### PROBLEM TO SOLVE
Set the data down exactly as it stands, and keep its pictures out.

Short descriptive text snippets
Start of Block
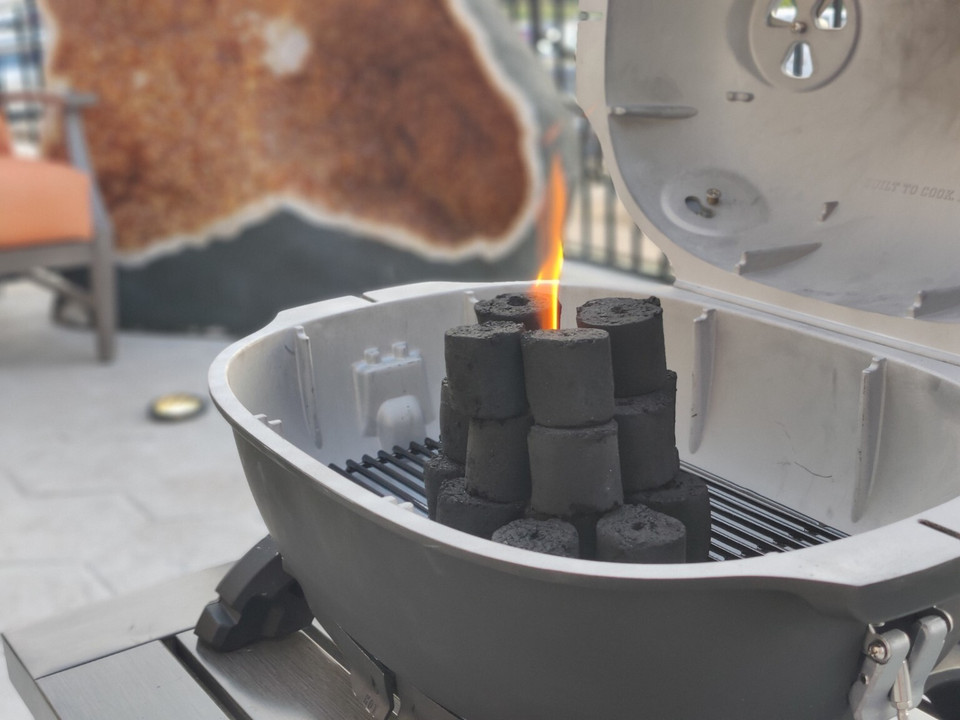 Coconut shell charcoal arranged in a kettle grill ready for lighting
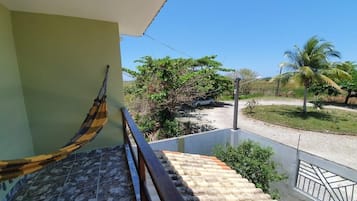 A staircase with a hammock, leading to a balcony overlooking a garden with palm trees.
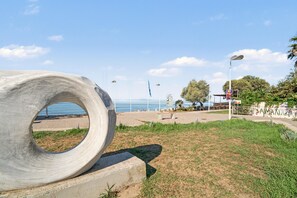 A concrete sculpture on a grassy area with a beach and ocean in the background.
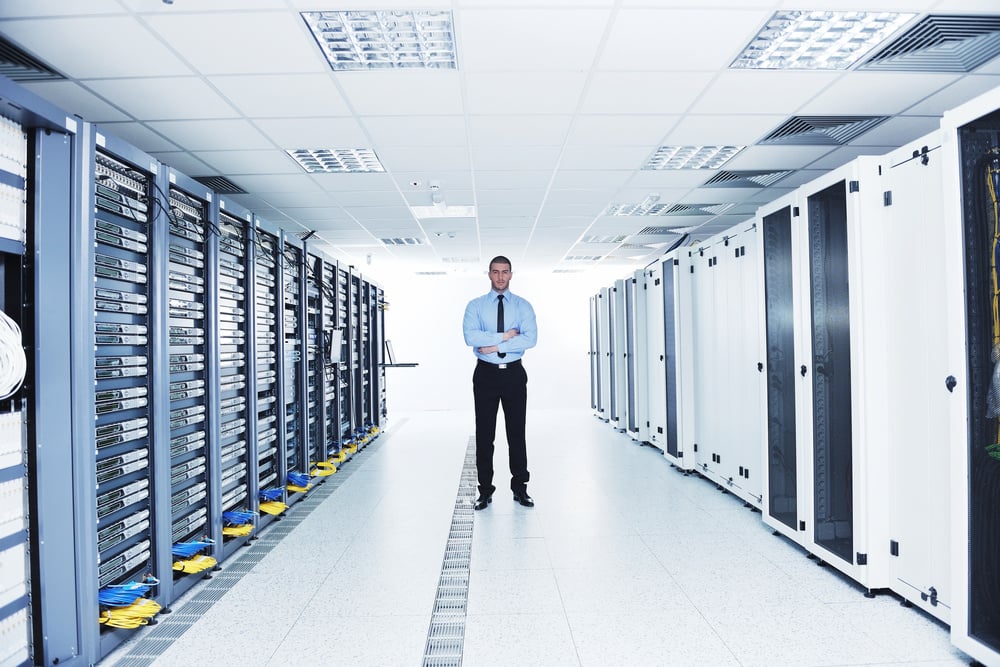 young handsome business man  engeneer in datacenter server room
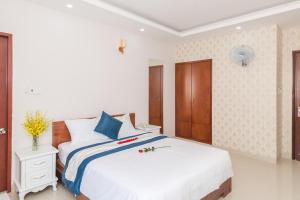 Postel nebo postele na pokoji v ubytování Kyo Hotel
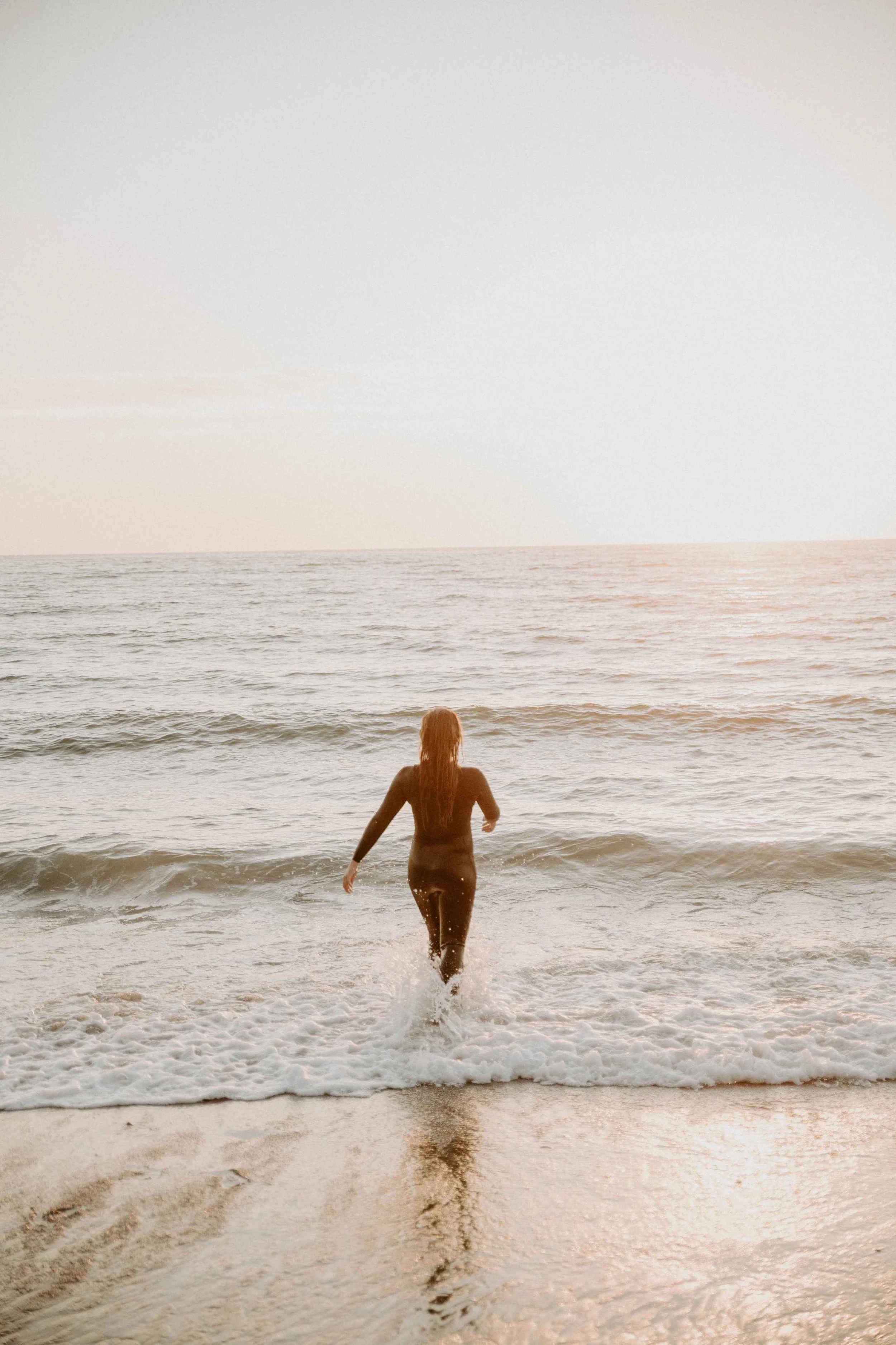 A woman walking into the ocean waves wearing a wetsuit at sunset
End of Block
### SOLUTION FOR THIS TASK
 Coconut shell charcoal arranged in a kettle grill ready for lighting
 A staircase with a hammock, leading to a balcony overlooking a garden with palm trees.
 A concrete sculpture on a grassy area with a beach and ocean in the background.
 young handsome business man  engeneer in datacenter server room
 Postel nebo postele na pokoji v ubytování Kyo Hotel
 A woman walking into the ocean waves wearing a wetsuit at sunset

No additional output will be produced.